IMO
the Pope's role is the only real difference dividing what's sacramentally the same church. But both sides' hardliners are right that it's a doozy. The only way to union is for RCs to become WRO or Orthodox to become Greek Catholics. Ain't gonna happen, right?
If there is no Orthodoxy in the base, there won't be at the top... this down-up structure for the institutional aspect of the Church is another difference from the RC which is clearly up-down.

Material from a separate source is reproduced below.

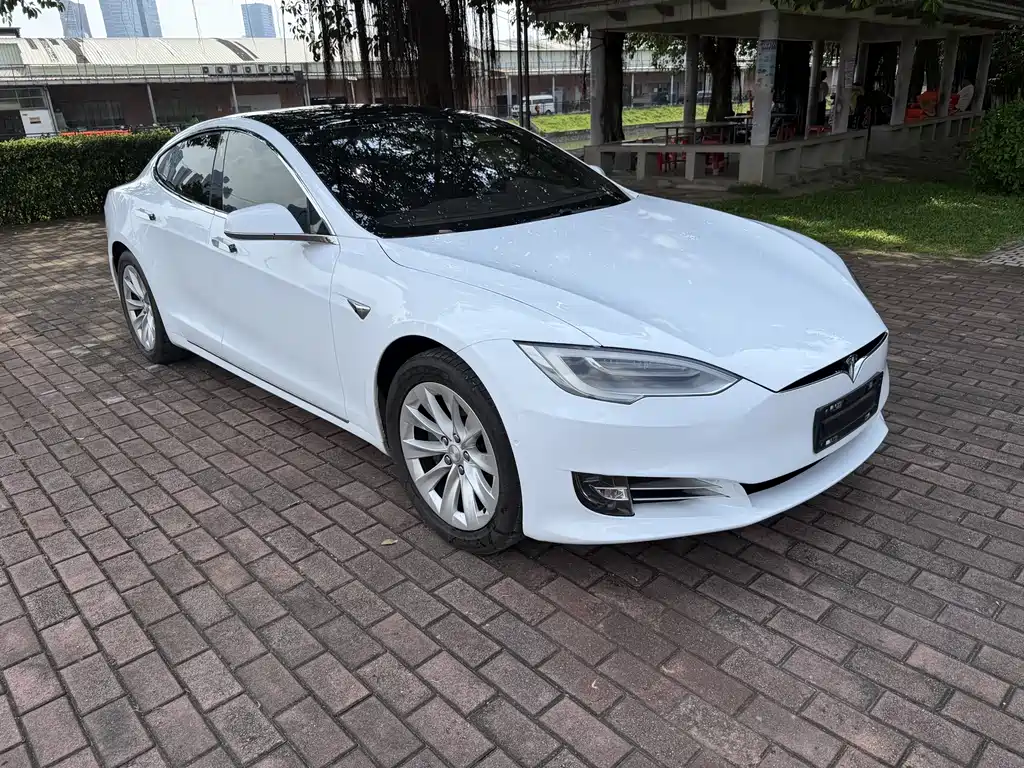 Tesla Model S 2019 — фото 3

I think I agree. I can't prove this is related to that big issue but in nearly 20 years of following this stuff ISTM the big difference is between a down-home parochial (in the good sense, not the bad one of 'narrow') grassroots traditionalism (which you also sometimes see in RC ethnic groups) versus the feel of a big, cold institution. Like your sweet little mom-and-pop shop vs Wal-Mart. I get a whiff of the latter even from Greek Catholic churches. So I think I understand why an Orthodox fears that while Greek Catholicism, 'Orthodoxy with the Vatican glued on top' (as convert Brendan Ross, who passed through Greek Catholicism, called this notion of union), seems to work on paper, and I like Greek Catholics very much, in practice it would turn Orthodoxy into ethnic quasi-
Novus Ordo like the Greek Catholics are now. (Union = one side ceases to be, really.)
(The idealised, liturgically Orthodox Greek Catholicism that Rome actually teaches doesn't much exist and its likewise rare cousin, 'Orthodoxy in communion with Rome', is dishonest, denying RC teachings like a personally conservative version of the AmChurch liberals.)
Which leads to the huge difference between Orthodox worship and modern RC worship (which the ecumenical trendies either don't talk about or praise - !!):
In theory, the RCC maintains traditions of chant, incense, statues/icons, God-oriented worship, lex orandi lex credendi. Most RC services I've attended are little different from the mainline Protestant services I've attended.
Except liturgical mainline Protestants - Anglicans and Lutherans - often have better taste and don't hate traditional practice - chant, incense, statues/icons, God-oriented worship,
lex orandi lex credendi - like Irish-American RCs often do (read Thomas Day). The trouble with them of course, or why I'm not an Episcopalian for example, is they're Protestants: even if one of them happens to agree with us on the creeds and sacraments and worships as we do, they belong to denominations with fallible, changeable doctrine by vote (the Lutherans don't think bishops are necessary; the Anglicans and Lutheran liberals have women bishops and soon gay weddings).
That said, my favourite kind of American Orthodoxy is probably pierogi, rust-belt OCA and ACROD because it feels so Catholic but with the difference I described. (The Polish National Catholic Church is like that too but it never made theological sense, has always had theological radicals like universalists running it and now its worship is essentially a
Novus Ordo clone.)
What I would expect from a *true* union would be:
From the Orthodox...
Stop selling out on contraception and go back to universal Christian teaching before 1930; it's not just an RC thing.
On that note, give RC moral theology a chance such as the distinction between mortal and venial sin (a help for the scrupulous, sort of the OCD of spirituality) and guides based on the Ten Commandments to examine your conscience to go to confession (such as in the nice 1800s-early-1900s westernised Slav Orthodox manuals based on Greek Catholic ones).
Translate traditional liturgical rites and use them instead of foreign-language rites.
They already do. Do you mean use modern Greek and Russian instead of mediæval Greek and Slavonic?
I do not think Catholics are realistic enough about the state of dialogues between the two Churches. The general impressions I get from many Catholics (half my family is Catholic) is along the lines of: "Orthodoxy is just another lung... it's all political... we'll be reunited soon..."
Yup.
I like
the Fr Bunge/Evagrius Ponticus quotation.